C'est alors que Bone, avec sa crête, son nez percé et le tatouage fondateur de son identité ( des os en croix ) prend la route, et que le roman se déploie au fil de ses aventures et de ses rencontres avec tout ce que l'Amérique puis la Jamaïque comptent de marginaux, d'aventuriers et de sages.

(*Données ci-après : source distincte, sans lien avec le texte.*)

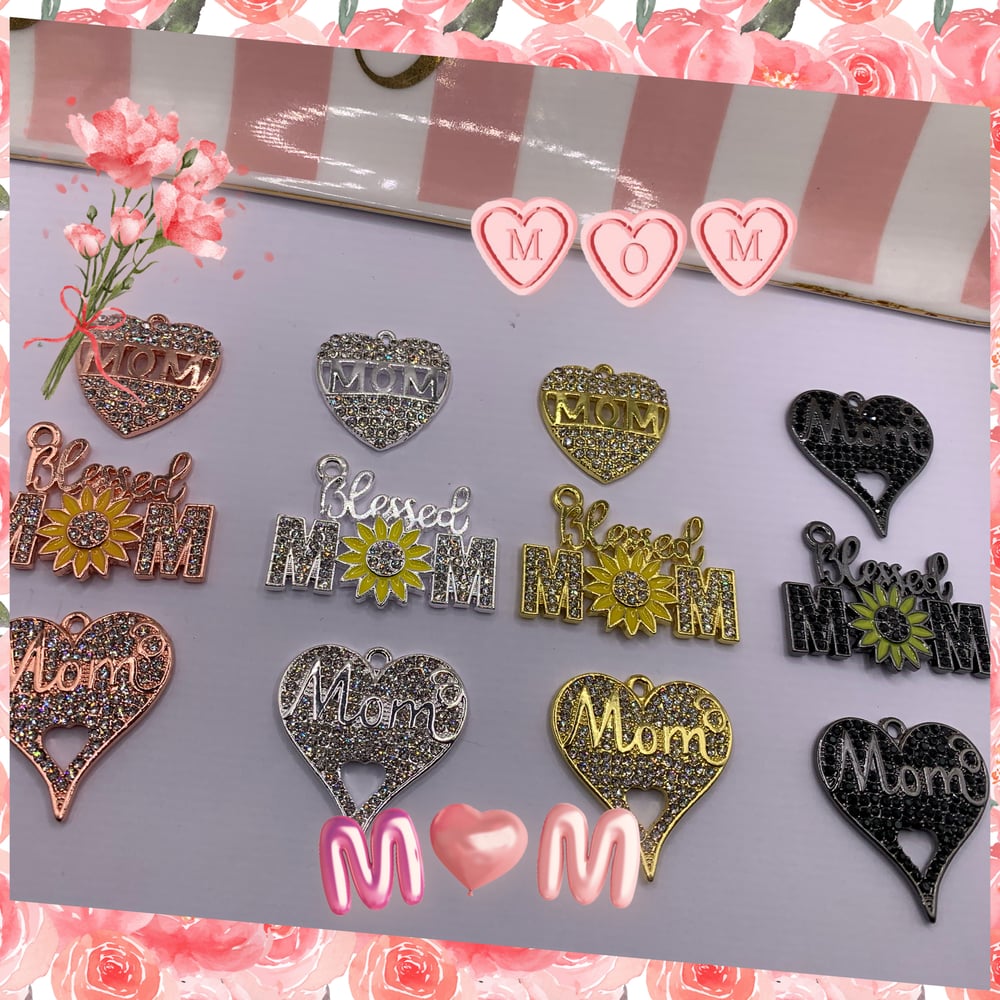 Image of Moms Charm Bundle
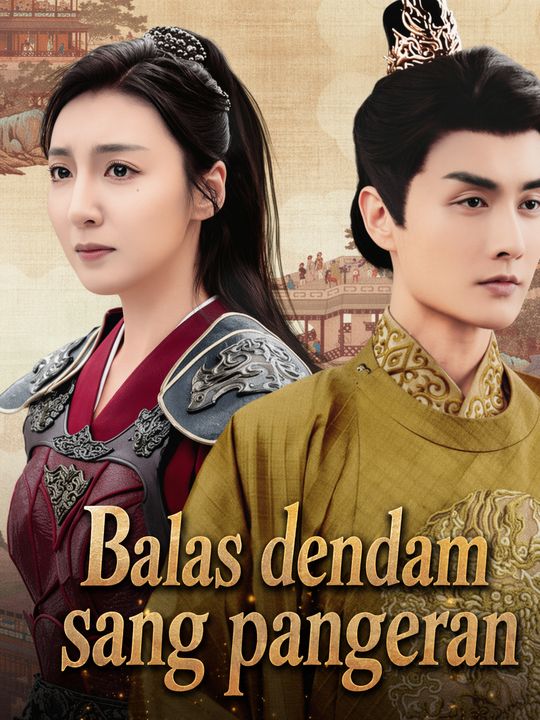 Balas dendam sang pangeran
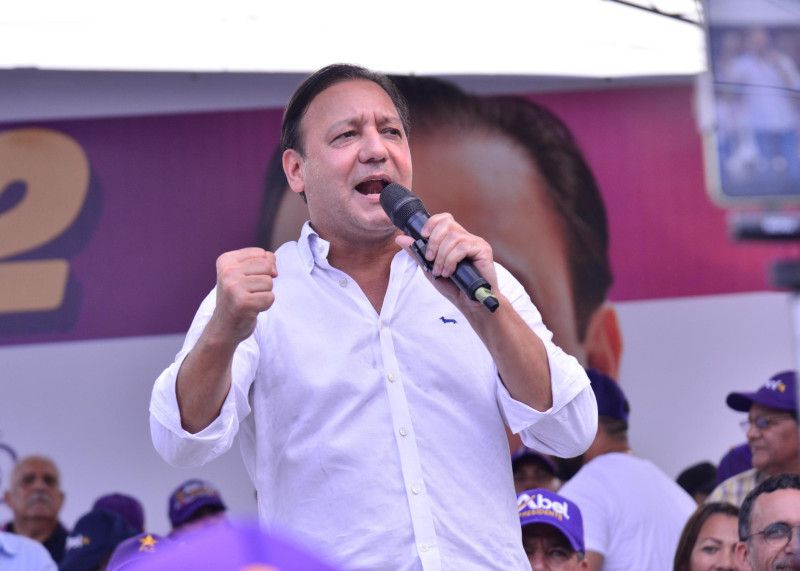 Da negativa prueba de ADN hecha a Abel Martínez tras denuncia de madre de niño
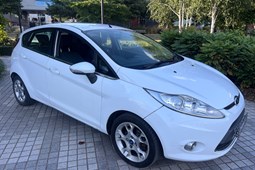 Ford Fiesta (08-17) 1.25 Zetec (82ps) 3d For Sale - Drivewave Motors, Birmingham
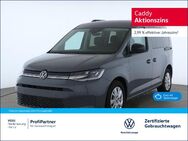 VW Caddy, Life, Jahr 2022 - Hanau (Brüder-Grimm-Stadt)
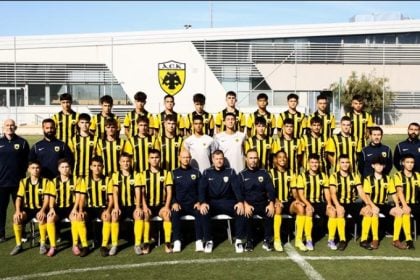 Νίκησε στο Αγρίνιο η Κ15 της ΑΕΚ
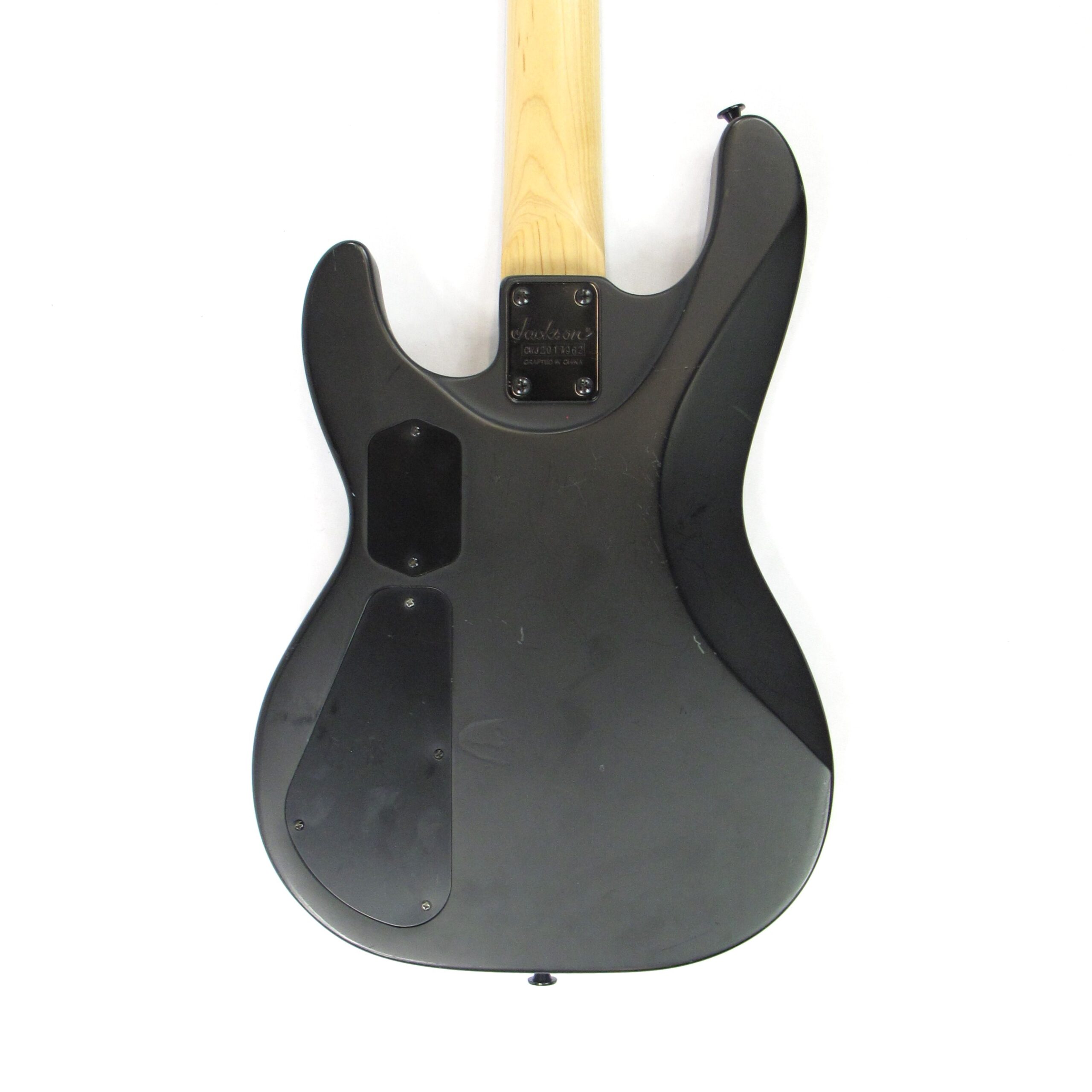 jackson js series concert bass js3
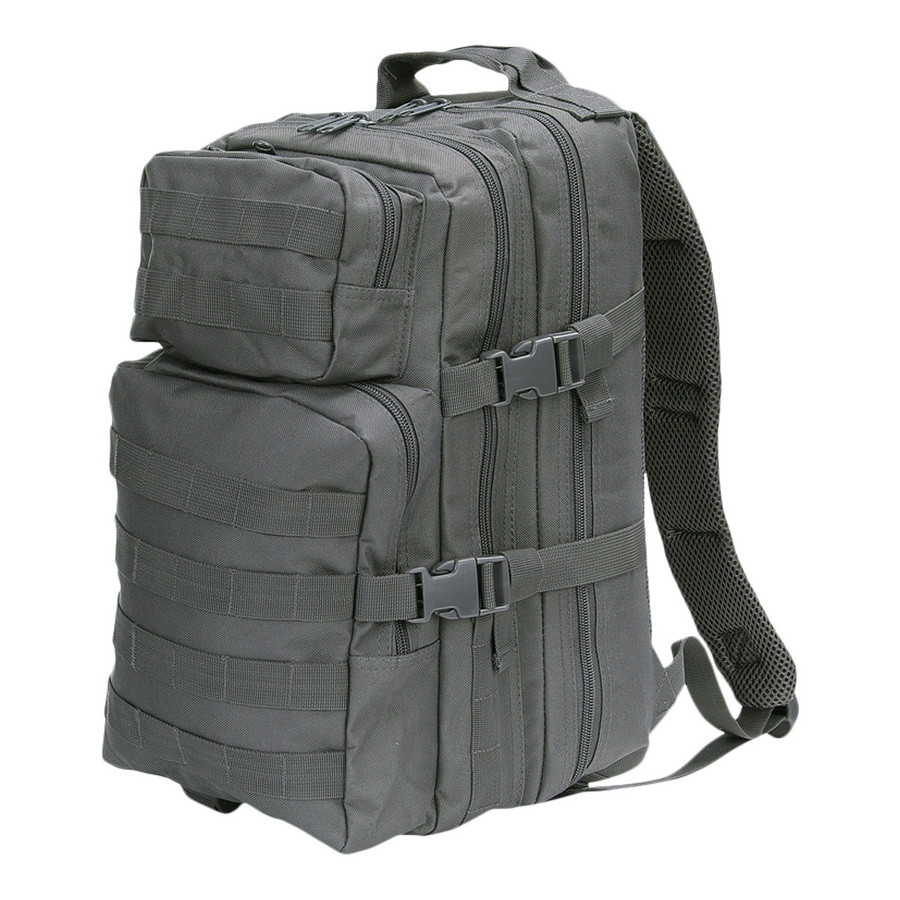 Sac à dos Tactique Assaut US Grey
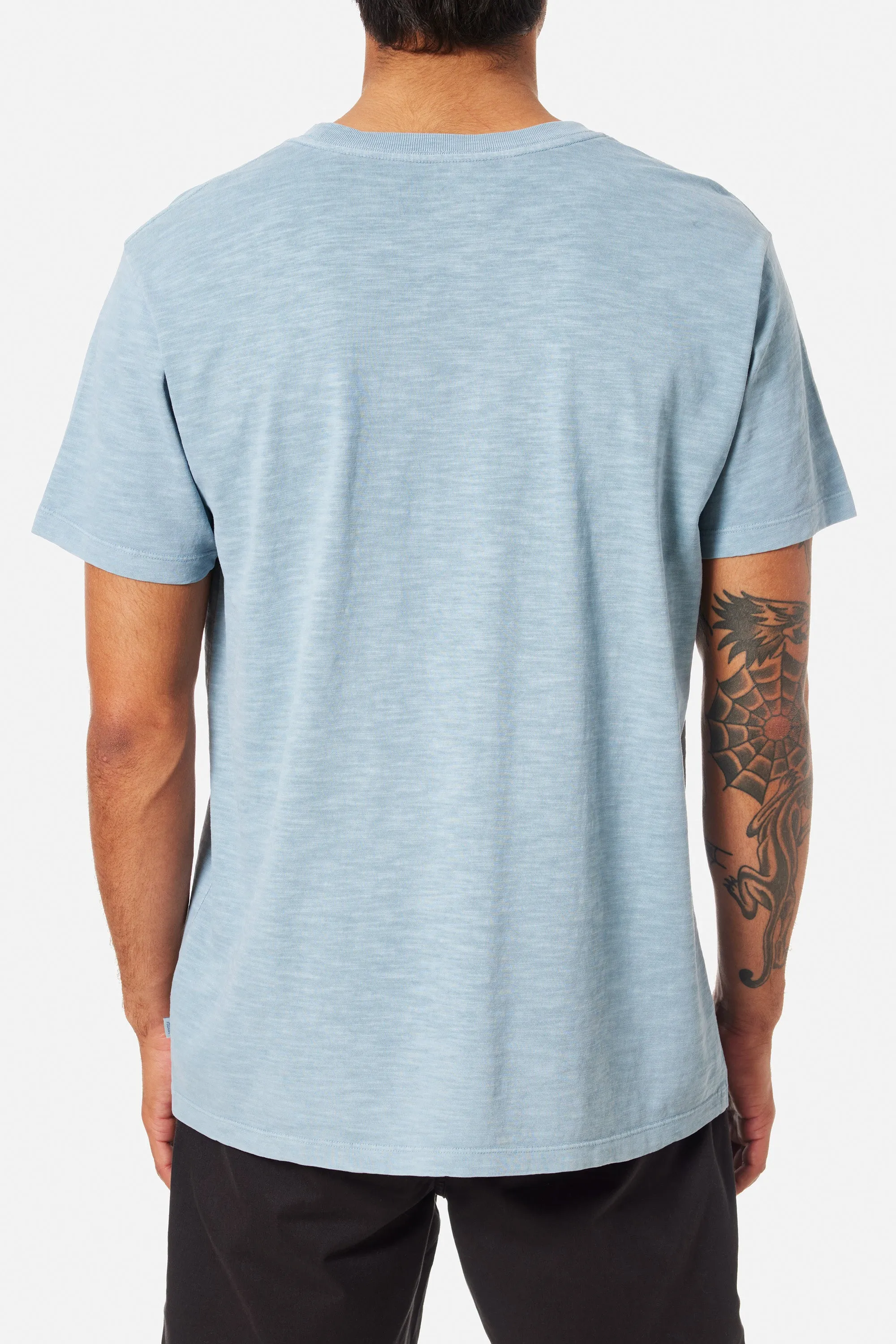 SLUB BASE TEE sold by Katin product image thumbnail 5
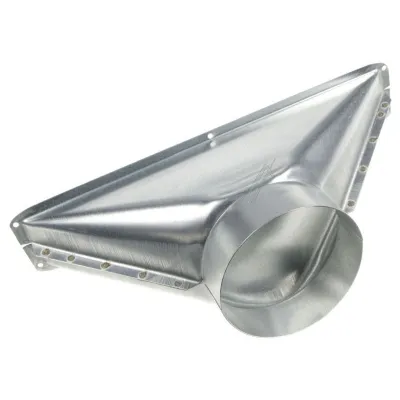 Bosch Siemens Ofen Anschluss 00290786 Abluftschlauch Adapter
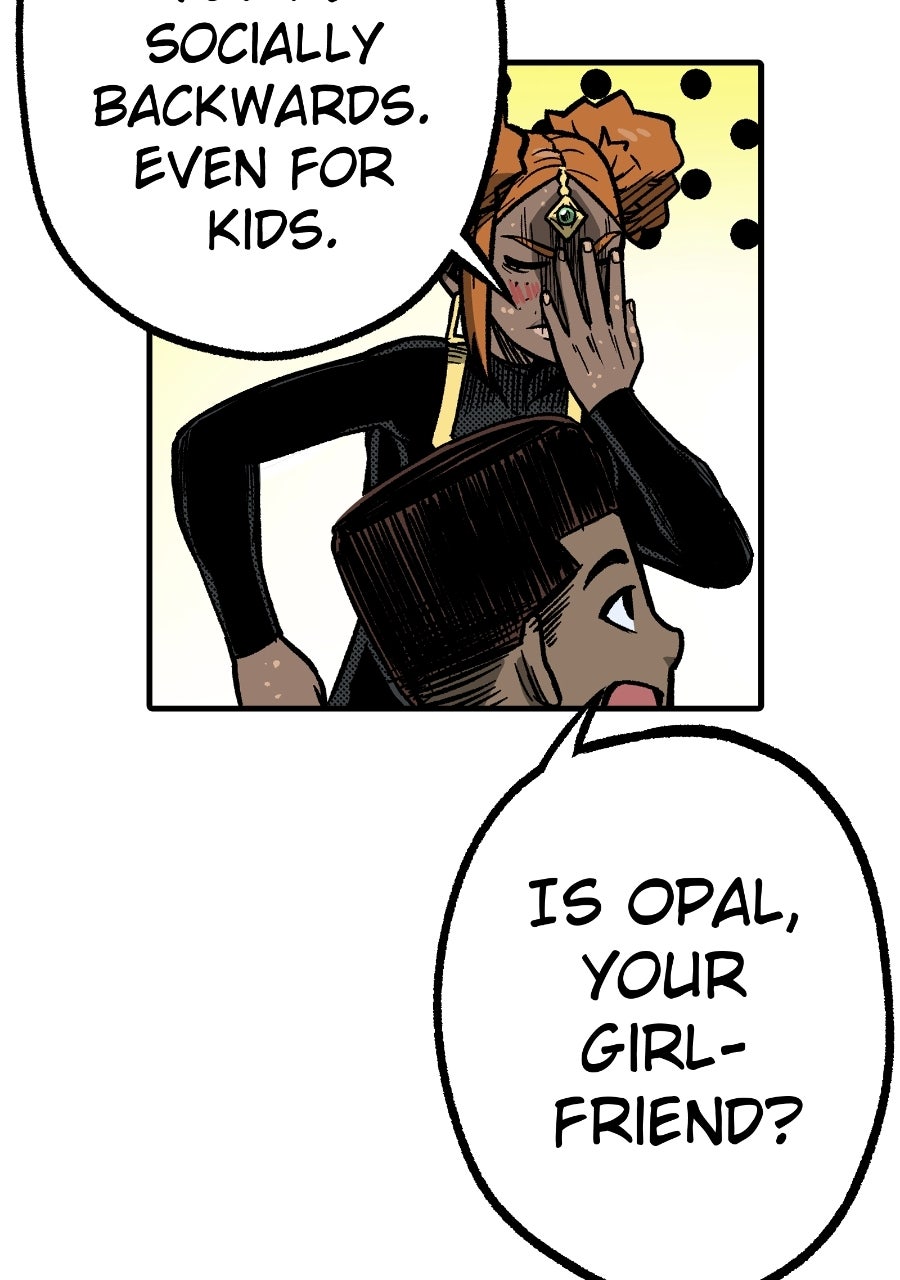 Apple Black Episode 24 page 29 - 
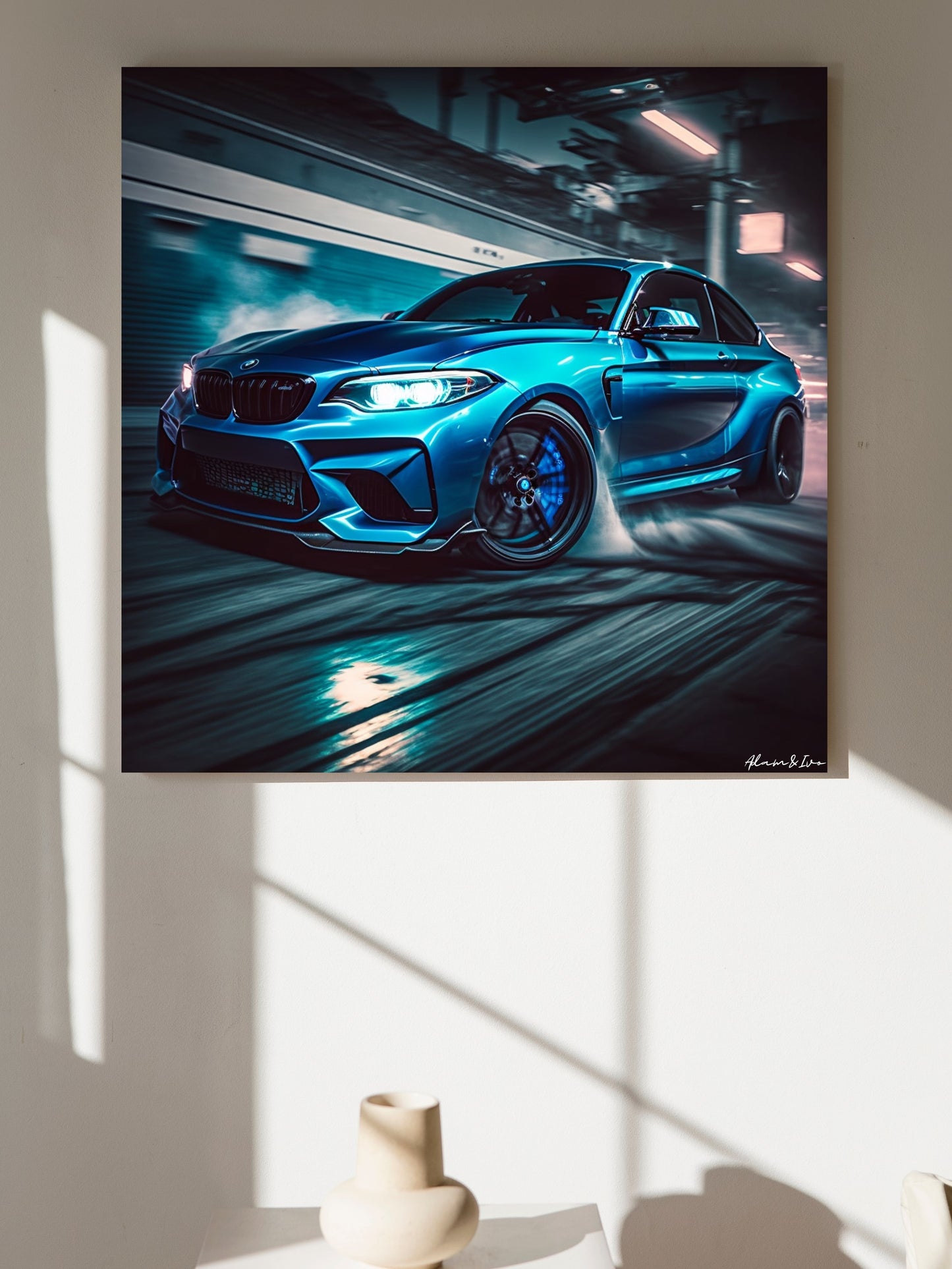 BMW M2 Street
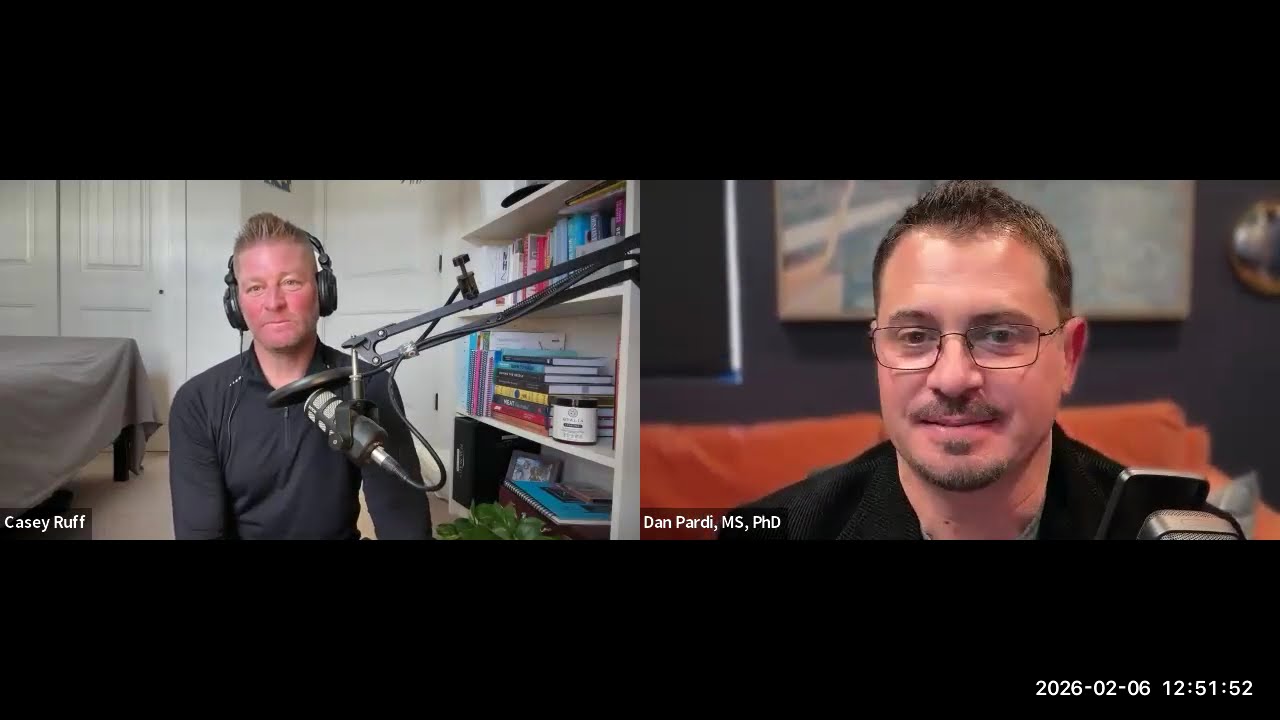 A Creatine Masterclass with Dr. Dan Pardi on Boundless Body Radio!
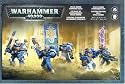 Games Workshop 48-17 Space Marine Kommandotrupp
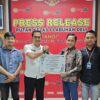 KMMB-SU Apresiasi Kepala Rutan Labuhan Deli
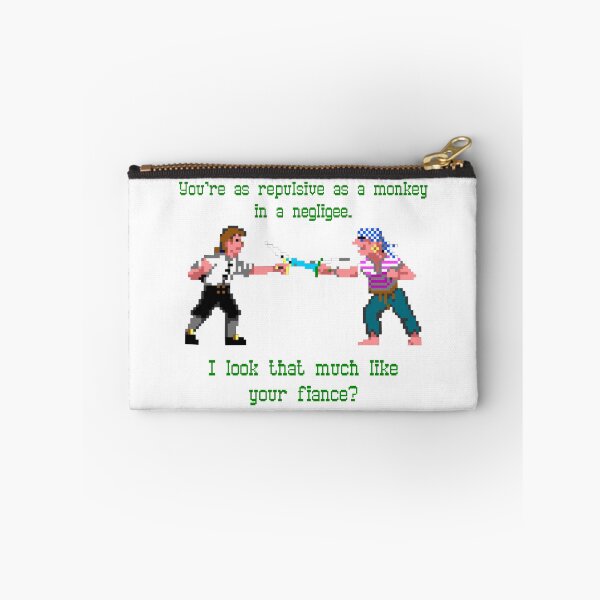 Item preview, Insult Swordfighting designed and sold by OwlbearOasis.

Le succès considérable que ce roman (sous le titre The Rule of the Bone) connaît aux Etats-Unis tient sans doute à l'art, si particulier chez Russell Banks, qui consiste à se mettre à fond dans la peau, la mentalité et le langage d'un personnage à la fois emblématique et révélateur de la société où il évolue. En tout cas, le récit prolixe du jeune Bone - l'un de ces mall rats (rats des galeries marchandes) que les Américains ont vu surgir dans leurs cités tentaculaires -, narrateur et personnage central du livre, renoue avec la tradition des petits héros de basfonds. On n'a pas manqué d'ailleurs, aux Etats-Unis, de voir en Bone le successeur, un siècle plus tard, de Huckleberry Finn, l'inoubliable personnage de Mark Twain. Et il est vrai que, de son quatorzième à son quinzième anniversaire, tout au long du parcours qui l'amène à se connaître, à former son jugement, à trouver son équilibre, et même quand il revend de la drogue ou saccage des lieux qui l'ont accueilli, cet impayable Bone manifeste un fond de bon sens, donc une espérance. Et ainsi, ce petit Lucifer, porteur de lumière dans ses égarements, prend-il une valeur universelle et se montre-t-il si attachant, dans un contexte social qui ne contredit pas le pessimisme habituel de Russell Banks, qu'il fait de ce roman une féerie.